By contrast, British banks have done little to merit a spontaneous round of rainbows and applause. Branches up and down the country have been closed and banks were slow and seemingly reluctant to process SME loan applications under the government’s Coronavirus Business Interruption Loan scheme (CBILS). It’s a brutal indictment of the sector that the government has had to intervene with its 100% ‘bounce back’ loan guarantees to try and salvage the UK economy.

The key question now is whether traditional banks can learn lessons from Covid-19 that will help them establish any kind of status as a part of the SME life support system. In my opinion, they can – but only if they take their lead from the increasingly influential fintech sector. Here are four areas of digital innovation I believe banks should embrace in the post-pandemic era:

1. Greater openness to digital collaboration

Just as problematic as banks’ resistance to lending to SMEs has been the speed at which legacy lenders are processing applications. Weeks after the government’s Coronavirus Business Interruption Loan scheme (CBILS) opened – only 13% of companies which tried to access a loan had been successful. High volumes of enquiries go some way towards excusing this, but the problem also lies with the shortcomings in banks' internal digital processes.

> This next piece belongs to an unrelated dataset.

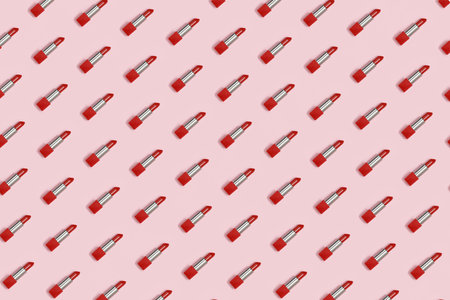 Geometric pattern of red lipstick on a pink background.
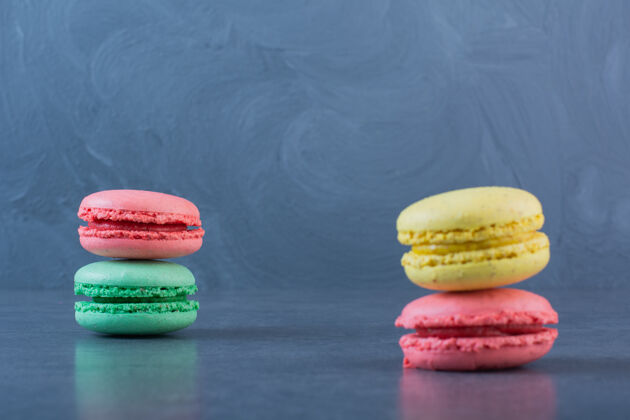 糖深灰色表面上有不同颜色的通心粉饼干糖果美食糖果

See:  NCFA Open Letter: Government should collaborate with Fintechs

Getting these digital processes right is not the equivalent of investing millions in R&D to find a Covid-19 vaccine. A skilled and well-resourced team could swiftly connect the software, algorithms, data and servers required to build a robust and secure digital platform. Companies like Onfido and Validis, and solutions such as Google Big Table and AWS EC2 are all waiting in the wings to help with various elements of this process.

The reason many banks haven’t done this is because they are not sufficiently agile to innovate at speed. Post Covid-19, a key challenge for banks will be to really collaborate with fintechs and third party vendors and allow their internal capabilities and culture to be challenged and improved so they can respond more quickly to emergencies like Covid-19.  The partnership between Starling Bank and Funding Circle to offer an additional £300m of loans to SMEs under the CBILS scheme is a good example of the collaboration established banks need to embrace going forward.

2. Prioritising customer experience

Bank advertising talks a lot about being there ‘for the journey’, or ‘listening’, or ‘making it happen’. But that certainly hasn't been the experience for many SMEs facing collapse because of Covid-19. The reality is that part of the banks’ failure to react to the virus effectively is because they have not attempted to create a customer-centric model. When it comes to SME customer experience, banks fall down in a number of areas – including lack of personalisation, relevance and ongoing dialogue in their products and services.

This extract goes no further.